Mario
Mario

Systems Engineer working on PaaS and Containers

Capabilities and Seccomp Profiles on Kubernetes

Capabilities and Seccomp Profiles on Kubernetes

Capabilities and Seccomp Profiles on Kubernetes

In a previous post we talked about Linux Capabilities and Secure Compute Profiles, in this post we are going to see how we can leverage them on Kubernetes.

We will need a Kubernetes cluster, I’m going to use kcli in order to get one. Below command will deploy a Kubernetes cluster on VMs:

NOTE: You can create a parameters file with the cluster configuration as well.

# Create a Kubernetes 1.20 cluster with 1 master and 1 worker using calico as SDN, nginx as ingress controller, metallb for loadbalancer services and CRI-O as container runtime
kcli create kube generic -P masters=1 -P workers=1  -P master_memory=4096 -P numcpus=2 -P worker_memory=4096 -P sdn=calico -P version=1.20 -P ingress=true -P ingress_method=nginx -P metallb=true -P engine=crio -P domain=linuxera.org caps-cluster

After a few moments we will get the kubeconfig for accessing our cluster:

Kubernetes cluster caps-cluster deployed!!!
INFO export KUBECONFIG=$HOME/.kcli/clusters/caps-cluster/auth/kubeconfig
INFO export PATH=$PWD:$PATH

We can start using it right away:

export KUBECONFIG=$HOME/.kcli/clusters/caps-cluster/auth/kubeconfig
kubectl get nodes
NAME                                 STATUS   ROLES                  AGE     VERSION
caps-cluster-master-0.linuxera.org   Ready    control-plane,master   8m19s   v1.20.5
caps-cluster-worker-0.linuxera.org   Ready    worker                 3m33s   v1.20.5

Capabilities on Kubernetes

Capabilities on Kubernetes are configured for pods or containers via the SecurityContext.

In the next scenarios we are going to see how we can configure different capabilities for our containers and how they behave depending on the user running our container.

We will be using a demo application that listens on a given port, by default the application image uses a non-root user. In a previous post we mentioned how capabilities behave differently depending on the user that runs the process, we will see how that affects when running on containers.

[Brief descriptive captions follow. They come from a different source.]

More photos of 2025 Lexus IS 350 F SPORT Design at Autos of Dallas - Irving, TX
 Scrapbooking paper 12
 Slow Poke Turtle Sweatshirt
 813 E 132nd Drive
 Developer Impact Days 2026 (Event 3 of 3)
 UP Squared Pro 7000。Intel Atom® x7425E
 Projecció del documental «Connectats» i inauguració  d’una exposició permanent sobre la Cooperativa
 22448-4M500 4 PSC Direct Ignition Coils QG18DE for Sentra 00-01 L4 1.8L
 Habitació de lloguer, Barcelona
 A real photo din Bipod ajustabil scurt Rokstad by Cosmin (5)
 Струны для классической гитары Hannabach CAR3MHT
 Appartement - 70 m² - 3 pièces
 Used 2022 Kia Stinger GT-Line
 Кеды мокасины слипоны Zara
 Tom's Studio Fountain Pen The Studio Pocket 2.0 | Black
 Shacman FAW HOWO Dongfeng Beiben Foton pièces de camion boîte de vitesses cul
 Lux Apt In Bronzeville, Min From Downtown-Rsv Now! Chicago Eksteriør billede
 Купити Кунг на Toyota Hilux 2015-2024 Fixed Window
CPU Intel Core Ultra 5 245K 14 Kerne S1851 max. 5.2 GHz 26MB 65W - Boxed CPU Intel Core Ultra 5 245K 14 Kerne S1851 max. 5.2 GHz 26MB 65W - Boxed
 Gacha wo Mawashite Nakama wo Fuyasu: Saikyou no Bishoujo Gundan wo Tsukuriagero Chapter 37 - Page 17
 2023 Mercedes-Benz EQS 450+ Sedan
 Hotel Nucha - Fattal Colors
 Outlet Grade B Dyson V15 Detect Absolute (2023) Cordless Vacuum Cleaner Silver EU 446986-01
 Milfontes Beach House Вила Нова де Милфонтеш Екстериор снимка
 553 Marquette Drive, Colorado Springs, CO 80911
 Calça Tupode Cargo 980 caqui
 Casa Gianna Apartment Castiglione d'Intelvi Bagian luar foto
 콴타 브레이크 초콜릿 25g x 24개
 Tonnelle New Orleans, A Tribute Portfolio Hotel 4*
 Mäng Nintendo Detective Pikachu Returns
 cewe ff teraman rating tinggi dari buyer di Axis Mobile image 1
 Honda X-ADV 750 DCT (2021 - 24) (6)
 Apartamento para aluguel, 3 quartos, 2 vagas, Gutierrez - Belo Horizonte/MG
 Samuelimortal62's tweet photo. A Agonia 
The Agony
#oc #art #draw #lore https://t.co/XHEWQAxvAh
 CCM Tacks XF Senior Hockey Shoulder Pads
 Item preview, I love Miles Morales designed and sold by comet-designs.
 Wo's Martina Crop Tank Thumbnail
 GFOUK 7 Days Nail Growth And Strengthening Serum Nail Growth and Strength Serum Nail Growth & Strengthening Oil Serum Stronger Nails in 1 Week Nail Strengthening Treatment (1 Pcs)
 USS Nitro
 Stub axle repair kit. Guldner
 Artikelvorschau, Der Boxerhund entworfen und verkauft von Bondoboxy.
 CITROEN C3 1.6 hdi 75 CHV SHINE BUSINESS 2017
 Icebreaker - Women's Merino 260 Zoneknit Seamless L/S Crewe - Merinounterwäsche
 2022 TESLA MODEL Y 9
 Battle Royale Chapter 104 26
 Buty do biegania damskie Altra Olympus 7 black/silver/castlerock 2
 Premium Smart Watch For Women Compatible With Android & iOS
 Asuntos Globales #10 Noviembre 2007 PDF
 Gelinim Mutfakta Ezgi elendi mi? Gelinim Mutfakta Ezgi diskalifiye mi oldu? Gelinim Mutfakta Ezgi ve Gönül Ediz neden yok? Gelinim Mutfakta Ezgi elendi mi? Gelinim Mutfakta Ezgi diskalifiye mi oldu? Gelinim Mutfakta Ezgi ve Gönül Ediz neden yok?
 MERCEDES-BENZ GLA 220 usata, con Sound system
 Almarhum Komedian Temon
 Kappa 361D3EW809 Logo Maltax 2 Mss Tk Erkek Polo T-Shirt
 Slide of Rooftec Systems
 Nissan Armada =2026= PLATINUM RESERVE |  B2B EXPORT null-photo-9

Container Runtime Default Capabilities

As previously mentioned, container runtimes come with a set of enabled capabilities that will be assigned to every container if not otherwise specified. We’re using CRI-O in our Kubernetes cluster and we can find the default capabilities in the CRI-O configuration file at /etc/crio/crio.conf present in the nodes:

default_capabilities = [
	"CHOWN",
	"DAC_OVERRIDE",
	"FSETID",
	"FOWNER",
	"SETGID",
	"SETUID",
	"SETPCAP",
	"NET_BIND_SERVICE",
	"KILL",
]

The capabilities in the list above will be the ones added to containers by default.

Pod running with root UID

  1. Create a namespace:

     NAMESPACE=test-capabilities
     kubectl create ns ${NAMESPACE}
    
  2. Create a pod running our test application with UID 0:

     cat <<EOF | kubectl -n ${NAMESPACE} create -f -
     apiVersion: v1
     kind: Pod
     metadata:
       name: reversewords-app-captest-root
     spec:
       containers:
       - image: quay.io/mavazque/reversewords:ubi8
         name: reversewords
         securityContext:
           runAsUser: 0
       dnsPolicy: ClusterFirst
       restartPolicy: Never
     status: {}
     EOF
    
  3. Review the capability sets for the application process:

     kubectl -n ${NAMESPACE} exec -ti reversewords-app-captest-root -- grep Cap /proc/1/status
    
     CapInh:	00000000000005fb
     CapPrm:	00000000000005fb
     CapEff:	00000000000005fb
     CapBnd:	00000000000005fb
     CapAmb:	0000000000000000
    
  4. If we decode the effective set this is what we get:

     capsh --decode=00000000000005fb
    

    NOTE: You can see how the pod got assigned the runtime’s default caps.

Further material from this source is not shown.